▶ _Task item_
Output only the stretch of the listing that starts at the line containing "245/40/19 Pirelli" and ends at the line containing "2008 Ford F-150 White vin: 1FTPX12518KD81916", reproduced exactly with both ends.

▶ _Supplied entries_

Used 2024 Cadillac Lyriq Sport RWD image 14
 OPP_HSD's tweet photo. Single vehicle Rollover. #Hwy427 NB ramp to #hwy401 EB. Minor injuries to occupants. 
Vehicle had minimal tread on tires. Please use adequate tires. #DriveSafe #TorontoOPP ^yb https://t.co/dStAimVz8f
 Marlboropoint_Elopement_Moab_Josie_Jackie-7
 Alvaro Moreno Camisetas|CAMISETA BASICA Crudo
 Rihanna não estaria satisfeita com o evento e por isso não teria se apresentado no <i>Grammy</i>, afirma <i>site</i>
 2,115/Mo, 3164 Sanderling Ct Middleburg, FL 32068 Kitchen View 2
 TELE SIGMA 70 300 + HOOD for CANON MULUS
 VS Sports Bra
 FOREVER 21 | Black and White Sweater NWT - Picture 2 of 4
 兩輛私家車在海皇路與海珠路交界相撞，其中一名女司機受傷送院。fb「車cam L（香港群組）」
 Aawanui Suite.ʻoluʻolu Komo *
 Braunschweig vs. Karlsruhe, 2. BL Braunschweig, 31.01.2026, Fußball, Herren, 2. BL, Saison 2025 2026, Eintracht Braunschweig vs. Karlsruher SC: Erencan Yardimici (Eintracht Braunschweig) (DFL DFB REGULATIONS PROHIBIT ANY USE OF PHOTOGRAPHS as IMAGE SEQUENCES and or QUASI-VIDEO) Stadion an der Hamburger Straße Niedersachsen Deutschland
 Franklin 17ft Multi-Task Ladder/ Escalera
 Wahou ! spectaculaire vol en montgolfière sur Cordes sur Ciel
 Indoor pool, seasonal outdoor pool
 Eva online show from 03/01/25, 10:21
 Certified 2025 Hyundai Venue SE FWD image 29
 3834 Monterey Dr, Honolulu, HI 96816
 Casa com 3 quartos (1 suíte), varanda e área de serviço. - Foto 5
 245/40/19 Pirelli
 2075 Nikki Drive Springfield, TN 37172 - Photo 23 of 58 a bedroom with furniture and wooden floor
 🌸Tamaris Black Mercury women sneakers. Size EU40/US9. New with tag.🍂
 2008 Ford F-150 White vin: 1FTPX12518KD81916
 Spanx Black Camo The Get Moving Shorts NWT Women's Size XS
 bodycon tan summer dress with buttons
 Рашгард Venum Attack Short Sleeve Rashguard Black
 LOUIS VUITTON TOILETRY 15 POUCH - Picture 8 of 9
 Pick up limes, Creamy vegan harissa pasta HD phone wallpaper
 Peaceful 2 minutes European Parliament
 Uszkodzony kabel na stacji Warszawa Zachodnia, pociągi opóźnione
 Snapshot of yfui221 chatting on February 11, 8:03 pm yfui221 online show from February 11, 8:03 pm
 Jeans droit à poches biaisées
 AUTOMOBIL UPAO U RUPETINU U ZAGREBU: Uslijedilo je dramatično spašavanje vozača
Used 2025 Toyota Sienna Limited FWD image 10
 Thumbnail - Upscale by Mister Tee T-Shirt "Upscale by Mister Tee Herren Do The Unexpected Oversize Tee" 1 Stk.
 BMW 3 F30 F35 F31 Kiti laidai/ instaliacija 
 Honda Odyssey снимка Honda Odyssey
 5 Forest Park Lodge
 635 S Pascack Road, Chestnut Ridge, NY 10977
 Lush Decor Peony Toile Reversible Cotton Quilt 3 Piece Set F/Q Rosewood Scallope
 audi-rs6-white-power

▶ _Task result_
 245/40/19 Pirelli
 2075 Nikki Drive Springfield, TN 37172 - Photo 23 of 58 a bedroom with furniture and wooden floor
 🌸Tamaris Black Mercury women sneakers. Size EU40/US9. New with tag.🍂
 2008 Ford F-150 White vin: 1FTPX12518KD81916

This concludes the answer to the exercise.